Listed records Start Marker

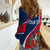 Dominican Republic Women Casual Shirt Independence Day - Curve Style - Wonder Print Shop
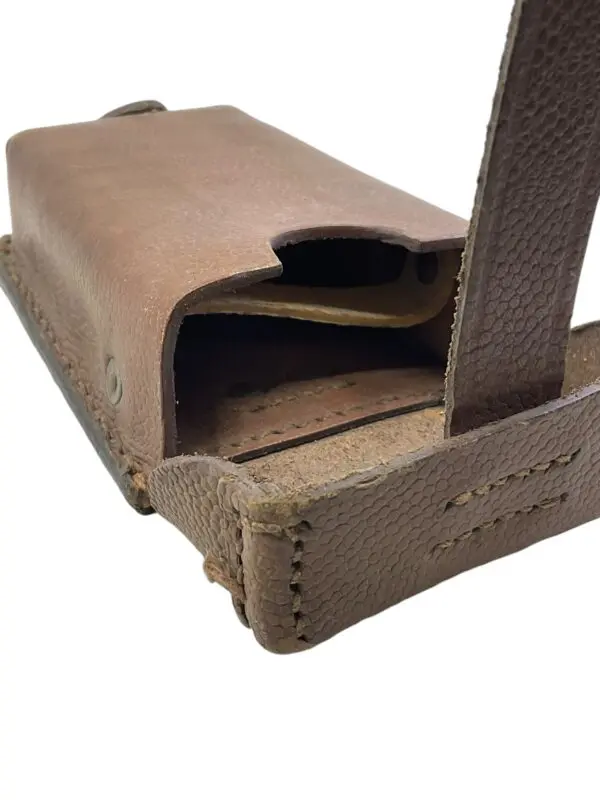 WW2 German Brown Leather Guard Ammo Pouch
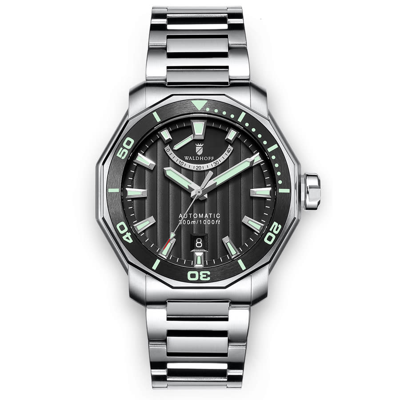 Waldhoff Seawolf Automatic Black Dial Mens Watch Seawolf Mw-13b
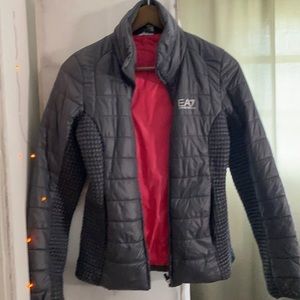 Armani grey windbreaker jacket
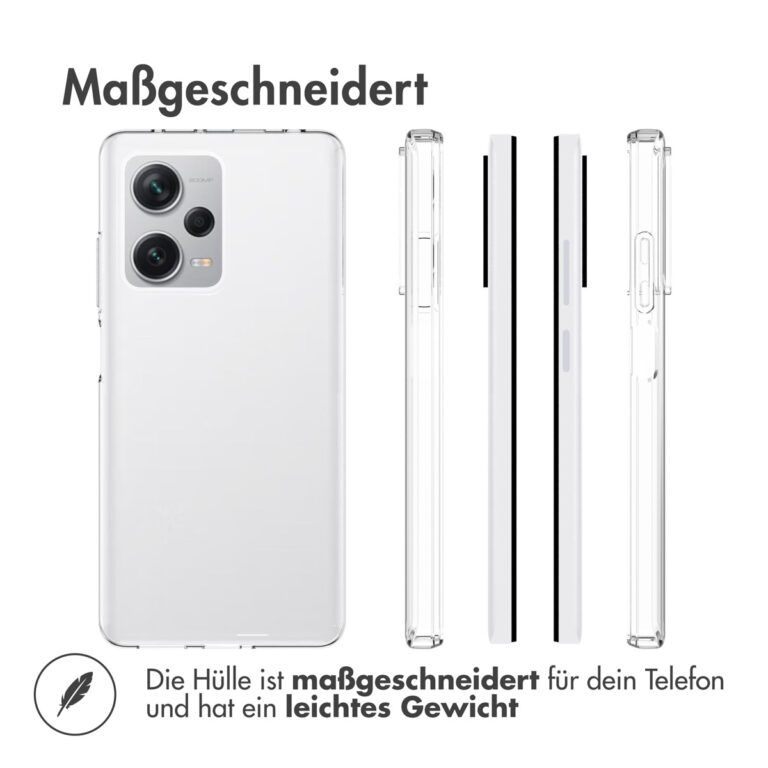 Accezz Clear Backcover Xiaomi Redmi Note 12 Pro Plus - Transparant - Afbeelding 10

Listed records End Marker

Your assignment
Reproduce the listing word for word, but keep the pictures out of it.

Reply
 Dominican Republic Women Casual Shirt Independence Day - Curve Style - Wonder Print Shop
 WW2 German Brown Leather Guard Ammo Pouch
 Waldhoff Seawolf Automatic Black Dial Mens Watch Seawolf Mw-13b
 Armani grey windbreaker jacket
 Accezz Clear Backcover Xiaomi Redmi Note 12 Pro Plus - Transparant - Afbeelding 10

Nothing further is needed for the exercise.